1

I am using apache open nlp toolkit in java.I wish to display only name enitites in a given text like geo-graphical, person etc.. Following code snippet gives string spans

try {
        System.out.println("Input : Pierre Vinken is 61 years old");
        InputStream modelIn = new FileInputStream("en-ner-person.bin");
        TokenNameFinderModel model = new TokenNameFinderModel(modelIn);
        NameFinderME nameFinder = new NameFinderME(model);
        String[] sentence = new String[]{
                "Pierre",
                "Vinken",
                "is",
                "61",
                "years",
                "old",
                "."
                };

            Span nameSpans[] = nameFinder.find(sentence);
            for(Span s: nameSpans)
                System.out.println("Name Entity : "+s.toString());
    }
    catch (IOException e) {
      e.printStackTrace();
    }

Output :

Input : Pierre Vinken is 61 years old Name Entity : [0..2) person

How can i get the equivalent string rather than span, is there any api for that?

Akash
  • 85
  • 1
  • 12
  • You have the tokenized sentence and the list indices where the name appears.

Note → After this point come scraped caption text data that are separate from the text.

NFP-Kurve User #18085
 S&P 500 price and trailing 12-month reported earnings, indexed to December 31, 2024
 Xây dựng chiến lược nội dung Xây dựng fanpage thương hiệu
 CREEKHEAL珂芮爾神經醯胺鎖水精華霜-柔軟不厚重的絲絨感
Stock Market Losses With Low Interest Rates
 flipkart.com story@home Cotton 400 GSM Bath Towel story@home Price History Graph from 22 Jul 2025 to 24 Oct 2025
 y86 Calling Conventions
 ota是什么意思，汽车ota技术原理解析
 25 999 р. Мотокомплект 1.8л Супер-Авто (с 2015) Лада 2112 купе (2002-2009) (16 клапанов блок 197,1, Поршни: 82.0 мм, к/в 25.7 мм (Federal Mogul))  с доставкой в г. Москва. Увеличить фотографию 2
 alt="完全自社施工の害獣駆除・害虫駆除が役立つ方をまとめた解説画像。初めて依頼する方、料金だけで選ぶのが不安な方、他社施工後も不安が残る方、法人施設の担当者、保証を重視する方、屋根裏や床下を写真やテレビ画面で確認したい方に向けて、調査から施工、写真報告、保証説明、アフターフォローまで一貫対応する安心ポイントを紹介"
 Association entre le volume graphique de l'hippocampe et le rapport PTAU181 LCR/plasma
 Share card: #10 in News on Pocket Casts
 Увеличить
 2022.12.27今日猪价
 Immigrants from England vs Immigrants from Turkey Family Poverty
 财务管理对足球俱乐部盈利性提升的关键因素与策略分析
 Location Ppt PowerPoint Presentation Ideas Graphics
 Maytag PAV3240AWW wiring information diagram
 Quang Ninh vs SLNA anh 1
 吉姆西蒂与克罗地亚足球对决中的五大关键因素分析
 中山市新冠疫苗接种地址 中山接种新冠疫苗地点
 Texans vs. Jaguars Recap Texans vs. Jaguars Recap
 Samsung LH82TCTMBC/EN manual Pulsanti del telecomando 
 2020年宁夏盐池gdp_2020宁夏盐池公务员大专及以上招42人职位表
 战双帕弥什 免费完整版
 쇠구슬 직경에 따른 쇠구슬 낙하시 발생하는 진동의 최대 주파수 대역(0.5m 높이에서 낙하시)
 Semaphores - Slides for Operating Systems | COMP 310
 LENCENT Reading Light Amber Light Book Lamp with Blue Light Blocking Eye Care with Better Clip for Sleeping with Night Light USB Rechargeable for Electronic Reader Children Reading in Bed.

Just get the relevant slice of the list of tokens and [join it](http://stackoverflow.com/questions/1751844/java-convert-liststring-to-a-joind-string). – Dan Jan 22 '15 at 17:07
  • Is there any standard api to get slice ? I know I can get characters from 0 to 2 using a for loop – Akash Jan 22 '15 at 17:30
  • [boon](https://github.com/boonproject/boon/wiki/Boon-Slice-Notation-for-List,-Set,-Map,-and-primitive-arrays) seems to be the way to go. – Dan Jan 22 '15 at 23:34

2 Answers2

2

Span has the method getCoveredText(CharSequence text) which will do this. But I don't understand why you need an API method to get the text corresponding to a span. A span clearly provides start (inclusive) and end (exclusive) integer offsets. So the following suffices:

StringBuilder builder = new StringBuilder();
for (int i = s.getStart(); i < s.getEnd(); i++) {
    builder.append(sentences[i]).append(" ");
}
String name = builder.toString();
Chthonic Project
  • 8,216
  • 1
  • 43
  • 92
  • Ya I know that. But I was expecting a direct api to obtain a string =given a string like in python I can directly get string value by string slicing . – Akash Jan 27 '15 at 16:25
  • In general, if I need to use a method repeatedly, and for some reason it is not there in the API, I add it to my own utility class to save myself some trouble. E.g., you could write a class called `OpenNLPUtils`, and add methods. Over the years, I've found this to be quite useful, especially for larger NLP projects. – Chthonic Project Jan 27 '15 at 19:02
0

You can use the Span class itself.

The following class method returns the CharSequence that correspond to the Span instance from another CharSequence text:

/**
 * Retrieves the string covered by the current span of the specified text.
 *
 * @param text
 *
 * @return the substring covered by the current span
 */
public CharSequence getCoveredText(CharSequence text) { ... }

Notice that this class also has two static methods that accept an array of Span and respectively a CharSequence or an array of tokens (String[]) to return the equivalent array of String.

/**
 * Converts an array of {@link Span}s to an array of {@link String}s.
 *
 * @param spans
 * @param s
 * @return the strings
 */
public static String[] spansToStrings(Span[] spans, CharSequence s) {
    String[] tokens = new String[spans.length];

    for (int si = 0, sl = spans.length; si < sl; si++) {
        tokens[si] = spans[si].getCoveredText(s).toString();
    }

    return tokens;
}

public static String[] spansToStrings(Span[] spans, String[] tokens) { ... }

I hope it helps...

Stefano Bragaglia
  • 622
  • 1
  • 8
  • 25